Most Canadian business owners and financing mangers often seek out factoring as a quick way to get out of a cash flow crunch when other more traditional methods of financing have been exhausted.
Typically clients tell us that sales or revenue generation is not the problem, with the bigger challenge simply being how to convert those sales into cash flow and working capital. Factoring comes at a higher price than traditional bank financing but most Canadian business owners recognize that other options are limited.
When you recognize that a cash flow crunch often comes as a result of your success it is often much easier to rationalize factoring as a solution.
Factoring in Canada is slowly catching on as a true financing option – many parts of the economy now view this financing method as a traditional method of financing the business – and the reality is that the big boys use it also , which many are not aware of .
When you utilize factoring you are in effect selling your receivables as you generate them (at your option of course) and receiving immediate cash for those funds. Don’t let the literature fool you though – you actually receive approve 75-90% of your invoices (depending on who you deal with) and the balance is held back and then remitted to you when your customer pays. Naturally from this final holdback amount there is a financing fee or a discount fee. Many business owners view this financing or discount fee as an interest rate, when in fact the factor finance firms always refer to this as a discount fee.
The prerequisites for factoring your receivables often revolve simply around the nature of your receivables and customers. Your final pricing or discount fee depends on several key factors. They are:
– Overall risk profile of your firm – i.e. how you are doing!
– The quality of your customer base
– The size of your receivables portfolio
– The geographical scope of your invoices – foreign, i.e. U.S. receivables can be financed also.
What do you need to know about factoring financing in Canada as it relates to the U.S. and U.K. approaches to this type of financing ? Well in Canada there are two types of invoice discounting/factoring. Under the most commonly used method the factor firm you engage works with you to invoice the customer, collect the payment, and monitor the overall credit quality of your customer.
If you view this overall business model and way of financing as somewhat intrusive and undesirable then seek out the services of a trusted, credible and experience advisor who can provide you with a factoring facility which allows you to bill and collect your own receivables.
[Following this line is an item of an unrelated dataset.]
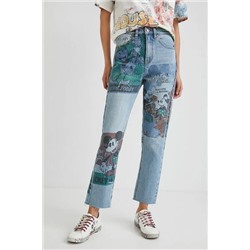 Pantalón vaquero straight cropped Mickey Mouse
Many business owners we meet are concerned with the perception that comes from suppliers and customers when they find out you are factoring. That comes out of the issue that in the past many firms that factoring generally was viewed as companies with financial problems. However, the new reality of financing a business in Canada in the year 2010 is that factoring is in fact a great way for healthy businesses to generate much needed cash flow and working capital.
In summary, consider the cash flow benefits of financing your receivables when you are unable to obtain the total amount of financing you need. Determine if you are eligible (most firms are) and seek out a facility that meets your business financing needs.